Q) $\int\sqrt{x+\sqrt{x^{2}+2}} dx$ .

Tried rationalising the numerator twice to get Numerator =-2 but not able to simplify denominator

The question reduces to (as per my rationalising)

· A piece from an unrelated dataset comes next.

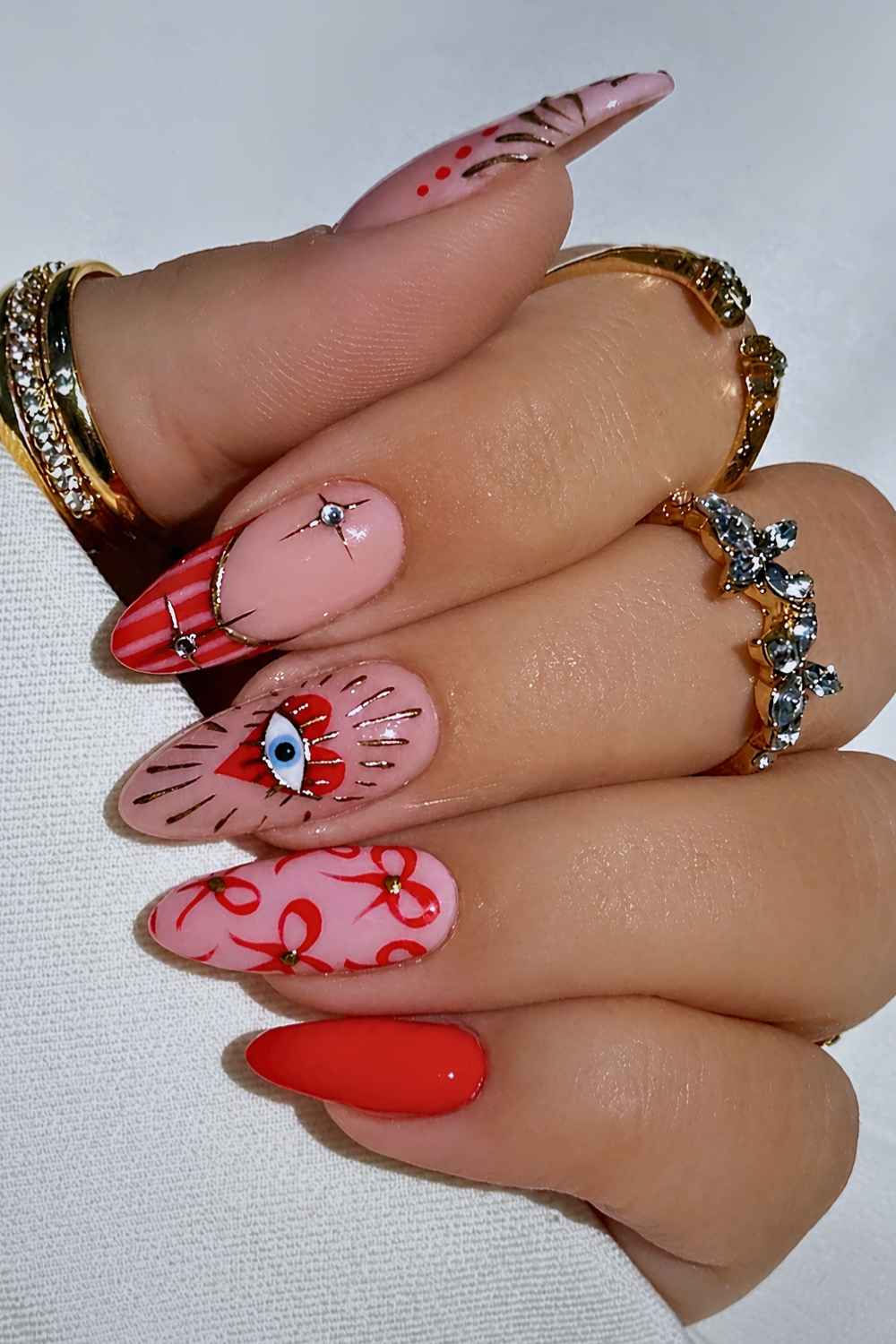 Rote Naegel mit Schleifen und Evil Eye Motiv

$$\int \frac{-2}{\bigl(x - \sqrt{x^2+2}\bigr)\sqrt{x + \sqrt{x^2+2}}}\,dx$$

Answer 1

Let $$\displaystyle I = \int \sqrt{x+\sqrt{x^2+2}}dx\;$$

Now Put $$\displaystyle (x+\sqrt{x^2+2}) = e^{2t}\;$$ Then $$\displaystyle \left(1+\frac{x}{\sqrt{x^2+2}}\right)dx = 2e^{2t}dt$$

So we get $$\displaystyle \left(\frac{e^{2t}}{\sqrt{x^2+2}}\right)dx = 2e^{2t}dt\Rightarrow dx = 2\sqrt{x^2+2}dt$$

Now Using $$\displaystyle \bullet\; \left(\sqrt{x^2+2}+x\right)\cdot \left(\sqrt{x^2+2}-x\right) = 2$$

So we get $$\displaystyle \left(\sqrt{x^2+2}-x\right) = \frac{2}{e^{2t}}$$

Now $$\displaystyle \sqrt{x^2+2} = \frac{1}{2}\cdot \left(e^{2t}+\frac{2}{e^{2t}}\right)$$

So Integral $$\displaystyle I = \int e^{t}\cdot \left(e^{2t}+\frac{2}{e^{2t}}\right)dt = \int e^{3t}dt+2\int e^{-t}dt$$

So we get $$\displaystyle I = \frac{1}{3}e^{3t}-2e^{-t}+\mathcal{C} = \frac{1}{3}\left(x+\sqrt{x^2+2}\right)^{\frac{3}{2}}-2\cdot \left(x+\sqrt{x^2+2}\right)^{-\frac{1}{2}}+\mathcal{C}$$

Answer 2

Try the substitution $$ u=x+\sqrt{x^2+2}. $$ After simplification, you will probably end up with $$ \int \frac{1}{2}\sqrt{u}+\frac{1}{u\sqrt{u}}\,du $$ which you probably can integrate directly(?).

Answer 3

Hint:

One could choose :

$$t=\sqrt{x+\sqrt{x^2+2}}$$ then square to get a more meaningful equation$$t^2-x=\sqrt{x^2+2}$$ squaring again and solving for $x$ we get $$x=\frac{t^4-2}{2t^2}$$

I'm sure you can take it from here. If not, prompt me for more details.